Bei den Konfigurationsdateien, die nach “~/.config/sublime-text-3” kopiert werden können, ist lediglich zu beachten, daß es getrennte Tastaturbelegungen für Windows und Linux gibt (“Default (Windows).sublime-keymap” vs “Default (Linux).sublime-keymap”).
Musik: Quod Libet
Die erste Wahl eines Abspielprogramms könnte unter GNOME zu “gnome-music” führen, jedoch leidet dieses Programm massiv unter dem “Weniger ist mehr”-Paradigma: Nicht nur, daß es keinerlei Einstellmöglichkeiten und -optionen gibt, das Programm baut auch ungefragt (und NICHT abschaltbar) eine Verbindung zum Internetdienst Musicbrainz auf, um Cover und sonstige Bilder zu den auf der Platte gefundenen Musikdateien herunterzuladen und somit den Metadatenbestand der eigenen Musiksammlung auf einem fremden Server zu dokumentieren. Eine entsprechende Abschaltoption ist auf Gitlab zwar in Diskussion, bisher aber noch nicht umgesetzt.

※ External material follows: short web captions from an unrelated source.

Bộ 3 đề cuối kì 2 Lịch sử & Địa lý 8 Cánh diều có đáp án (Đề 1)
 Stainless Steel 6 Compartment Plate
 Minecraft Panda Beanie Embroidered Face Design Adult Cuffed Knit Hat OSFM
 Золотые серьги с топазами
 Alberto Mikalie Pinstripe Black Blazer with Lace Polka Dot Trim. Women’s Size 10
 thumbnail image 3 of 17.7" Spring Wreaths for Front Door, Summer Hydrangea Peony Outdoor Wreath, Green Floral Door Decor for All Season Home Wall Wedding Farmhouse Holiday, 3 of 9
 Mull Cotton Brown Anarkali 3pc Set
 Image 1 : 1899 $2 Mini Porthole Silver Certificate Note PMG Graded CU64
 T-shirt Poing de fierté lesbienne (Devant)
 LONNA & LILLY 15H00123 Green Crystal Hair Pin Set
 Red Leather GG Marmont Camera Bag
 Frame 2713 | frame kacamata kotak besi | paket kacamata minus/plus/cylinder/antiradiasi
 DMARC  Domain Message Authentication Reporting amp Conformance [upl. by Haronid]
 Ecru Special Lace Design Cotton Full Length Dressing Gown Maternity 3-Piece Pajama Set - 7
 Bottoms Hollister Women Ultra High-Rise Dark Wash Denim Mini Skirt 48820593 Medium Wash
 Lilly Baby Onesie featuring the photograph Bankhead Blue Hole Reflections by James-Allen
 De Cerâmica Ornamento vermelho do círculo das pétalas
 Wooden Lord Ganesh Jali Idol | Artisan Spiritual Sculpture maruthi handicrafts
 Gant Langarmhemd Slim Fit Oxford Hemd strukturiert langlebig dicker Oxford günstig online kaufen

Als deutlich angenehmere Alternative präsentiert sich Rhythmbox, das im ersten Moment an foobar2000 erinnert und über zahlreiche Plugins erweiter- und konfigurierbar ist, sich ab und an aber leider bei größeren Musiksammlungen verschluckt.
Als schlanke und zuverlässige Lösung hat sich letztendlich Quod Libet entpuppt, zu installieren mittels
$ sudo apt install quodlibet
CD brennen: Brasero
Wenn auch heute Dank Onlinespeicher und USB-Sticks lange nicht mehr so häufig benötigt wie noch vor ein paar Jahren, so wird ab und an ein Programm zum Brennen von CDs benötigt. Brasero ist der GNOME-Standard und erinnert in seiner Schlichtheit an ImgBurn, welches unter Windows ebenfalls zuverlässig seine Dienste verrichtet hat.
$ sudo apt install brasero
Altlasten
Für zwei Programme wurde kein adäquter Ersatz in den Repositories gefunden: Exact Audio Copy und Adobe Photoshop, welche beide unter Wine ihren Dienst verrichten.
Graphik: Adobe Photoshop
Auch wenn GIMP installiert und inzwischen für viele Alltagsaufgaben im Einsatz ist, gibt es immer noch ein paar Bereiche, in denen das Gnu Image Manipliation Program nicht an Adobe Photoshop heranreicht. Die vorhandene CS5-Lizenz lässt sich mit ein paar Kniffen installieren und arbeitet auch weitestgehend zuverlässig, auch wenn der ein- oder andere Dialog manchmal klemmt und erst durch den Wechsel in ein anderes Fenster wieder reaktiviert werden kann.
CD-Ripping: Exact Audio Copy
Ebenfalls alternativlos ist Exact Audio Copy, welches Dank Wine problemlos mit Linux harmoniert. Es gibt zwar eine ganze Reihe an theoretischen Alternativen, wenn man sich aber durch die zahlreichen Treads in den Hifi-Foren wühlt, wird schnell klar, daß Quick and Dirty auch mit anderer Software möglich ist, für möglichst bitgenaues, sicheres Auslesen aber kein Weg an EAC vorbeiführt.
Alltagshelferelein
Ein Punkt, weshalb der Umstieg recht reibungslos verlief war, daß ein Großteil der selbst erstellten Alltagshelferlein in Perl geschrieben waren. Zwar musste die eine oder andere Win32-Bibliothek durch das entsprechende Linux-Pendant ersetzt werden, aber im Großen und Ganzen waren die benötigten Änderungen minimal, was auch daran liegt, daß sich Perl unter Linux deutlich mehr zu Hause (an)fühlt als unter Windows.
Kleinkrams
Den FTP-Client “FileZilla” gibt es auch für Linux und das Weiterverwenden der Konfigurationsdateien funktioniert klaglos, ebenso wie “KeePassXC” problemlos mit den Windows-Keepass-Dateien klarkommt. Zu der bereits installieren Software kommt noch jede Menge Kleinkram und Alltagshelfer, die bei Bedarf aus den offiziellen Quellen installiert werden.